Best Interests and Healthcare Ethics

Here we focus on ‘best interests’ decisions in healthcare settings and the ethical aspects of these decisions.

This workstream explores what has been published and involves speaking to a range of people about their experiences and impressions. We aim to bring together these different perspectives, with a view to recommending how, ethically, decisions should be made in the future.

Richard, Jon, Giles and Emanuele work on WS1, which is exploring the perspectives of health professionals, patients, and those close to them. We involved various members of the public, as well as people with lived experience of “best interests” decisions, in discussions about planning and designing the BABEL project. In particular, members of the BABEL project team had meetings with people from the following groups:

We’re very grateful to everyone who met with us to discuss the project and who contributed to the design of the project.

Aims and Objectives

BABEL has three phases: mapping, framing and shaping.

Mapping

First, we will look at the published literature on the topic. The aim is to map the concept of ‘best interests’ as it appears in bioethical and healthcare literature. We will explore the different ways in which 'best interests’ is understood in the field of bioethics, in guidance for healthcare professionals, and in previous research in this area. This will help us to see how the idea of ‘best interests’ is understood and practiced, and the different arguments that are used in favour of, or against, the ‘best interests’ standard. We call this phase 'mapping'.

Mapping, framing, shaping building blocks infographic.

Framing

The second phase involves research with people who have experience of ‘best interests’ decision-making in healthcare, either as decision makers or as the subject of decisions. The aim is to gather people's experiences in understanding, interpreting, applying and being subject to the ‘best interests’ standard in healthcare contexts. We will undertake research with a range of people, including healthcare professionals, as well as those directly affected by such decisions, such as patients and their families. This will give us a more detailed picture of how the process works in practice, who is involved, what is considered, and any changes that might be needed or learning that can be shared. This will help us to judge the strengths and weaknesses of ‘best interests’ decision-making in practice and to see whether the theory and the practice match up. We call this phase 'framing'.

Shaping

The final phase involves making recommendations about future healthcare practice.

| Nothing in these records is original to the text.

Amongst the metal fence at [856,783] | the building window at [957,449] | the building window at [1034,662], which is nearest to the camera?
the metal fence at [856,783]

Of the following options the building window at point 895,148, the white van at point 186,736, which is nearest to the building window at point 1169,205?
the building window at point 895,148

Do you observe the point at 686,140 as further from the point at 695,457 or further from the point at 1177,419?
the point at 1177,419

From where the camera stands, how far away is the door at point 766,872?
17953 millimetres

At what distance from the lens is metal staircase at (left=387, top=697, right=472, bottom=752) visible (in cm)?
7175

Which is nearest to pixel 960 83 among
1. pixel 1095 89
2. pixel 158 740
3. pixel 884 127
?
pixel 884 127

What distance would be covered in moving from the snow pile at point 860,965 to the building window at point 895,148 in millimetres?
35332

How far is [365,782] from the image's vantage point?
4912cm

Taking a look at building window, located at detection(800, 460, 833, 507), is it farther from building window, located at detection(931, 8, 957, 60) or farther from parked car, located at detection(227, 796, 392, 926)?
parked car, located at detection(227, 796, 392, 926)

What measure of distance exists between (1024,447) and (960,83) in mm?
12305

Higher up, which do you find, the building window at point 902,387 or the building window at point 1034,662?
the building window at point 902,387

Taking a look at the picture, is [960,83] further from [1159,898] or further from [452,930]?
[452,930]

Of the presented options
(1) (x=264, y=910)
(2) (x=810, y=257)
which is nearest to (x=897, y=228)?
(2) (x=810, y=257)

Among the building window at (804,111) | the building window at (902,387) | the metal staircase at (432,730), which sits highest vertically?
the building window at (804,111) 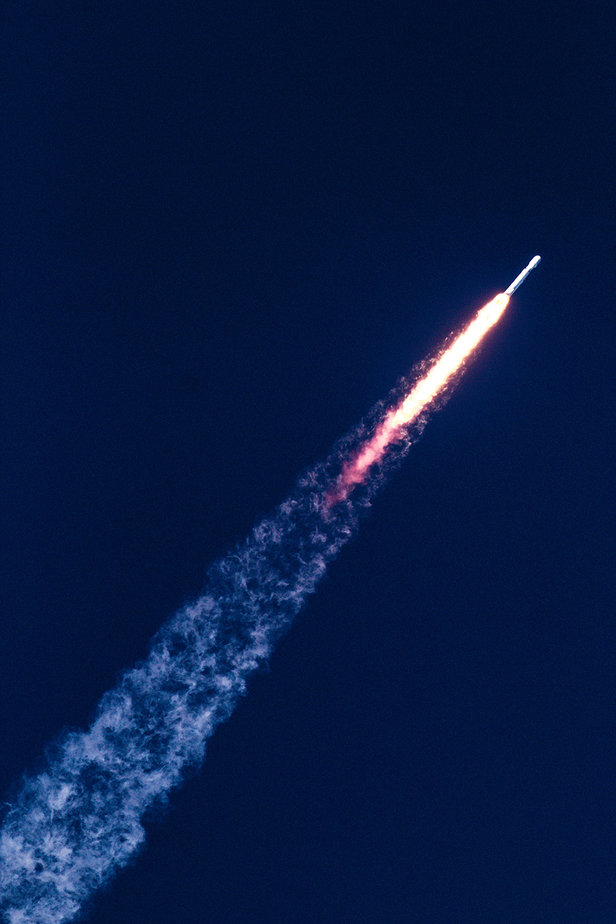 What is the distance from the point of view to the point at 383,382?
27156 mm

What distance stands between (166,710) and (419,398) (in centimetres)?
1726

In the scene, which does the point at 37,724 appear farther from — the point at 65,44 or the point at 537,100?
the point at 537,100

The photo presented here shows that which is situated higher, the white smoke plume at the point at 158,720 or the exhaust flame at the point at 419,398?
the exhaust flame at the point at 419,398

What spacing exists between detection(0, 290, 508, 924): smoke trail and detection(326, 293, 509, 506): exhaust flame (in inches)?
7.8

The aim is to inform future decisions, by bringing together all our findings and then drawing conclusions about how, ethically, we should think about how decisions should be made when people can't make decisions for themselves. We call this phase 'shaping'.

We are working closely with Workstream 2 (Best Interests and Health Care Law) during each of these phases in order to ensure that a complete legal and ethical account of the best interests standard is achieved.

Methods

We are using different methods in each of the three phases (‘mapping’, ‘framing’ and ‘shaping’). Each of these phases is informed and shaped by the methodologies developed by Workstream 3 which takes an empirical bioethics approach.

1. Mapping

In this phase, we will be searching the literature. For example, we will look at the guidance available for healthcare professionals, what previous studies have found out about practice in this area, and what researchers working in bioethics understand by, and think about, the idea of ‘best interests’.

2. Framing

In this phase, we will undertake empirical research, in particular qualitative research, which seeks to understand people's experiences of, and attitudes to, ‘best interests’ in healthcare practice. We aim to interview key people and run some focus groups, which bring people together to share their views.

3. Shaping

In this phase, we will bring together what we have found from the literature and from our interviews. Using ‘empirical bioethics’ approaches, we aim to strike a balance between the different findings and to suggest ways forward.

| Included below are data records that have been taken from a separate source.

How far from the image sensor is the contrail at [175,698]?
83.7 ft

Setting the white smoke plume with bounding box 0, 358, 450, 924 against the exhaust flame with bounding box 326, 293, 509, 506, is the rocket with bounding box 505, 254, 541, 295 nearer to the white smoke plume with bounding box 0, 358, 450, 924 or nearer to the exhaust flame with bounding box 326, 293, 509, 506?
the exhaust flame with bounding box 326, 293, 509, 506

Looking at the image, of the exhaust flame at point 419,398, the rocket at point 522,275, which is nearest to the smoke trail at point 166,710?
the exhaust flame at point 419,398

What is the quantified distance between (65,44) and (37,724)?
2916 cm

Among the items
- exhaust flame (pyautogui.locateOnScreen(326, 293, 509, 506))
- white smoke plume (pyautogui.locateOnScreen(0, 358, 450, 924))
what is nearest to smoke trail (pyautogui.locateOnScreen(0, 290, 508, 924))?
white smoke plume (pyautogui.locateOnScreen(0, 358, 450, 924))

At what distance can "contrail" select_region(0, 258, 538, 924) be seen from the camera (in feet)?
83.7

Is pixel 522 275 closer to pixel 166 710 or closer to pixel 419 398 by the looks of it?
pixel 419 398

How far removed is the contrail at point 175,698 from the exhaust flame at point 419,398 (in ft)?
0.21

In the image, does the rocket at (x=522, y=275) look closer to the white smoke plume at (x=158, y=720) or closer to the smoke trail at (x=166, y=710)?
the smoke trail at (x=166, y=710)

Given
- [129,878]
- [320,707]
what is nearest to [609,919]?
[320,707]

One estimate has it that there are 2 million adults who lack capacity in England and Wales. It has also been estimated that they are being cared for and supported by around 6 million people, who include their loved ones, as well as a range of professionals. In this workstream, we aim to find out about people’s experiences of receiving or providing such care and support in healthcare settings. Our hope is that we can help to identify and share best practice in this area.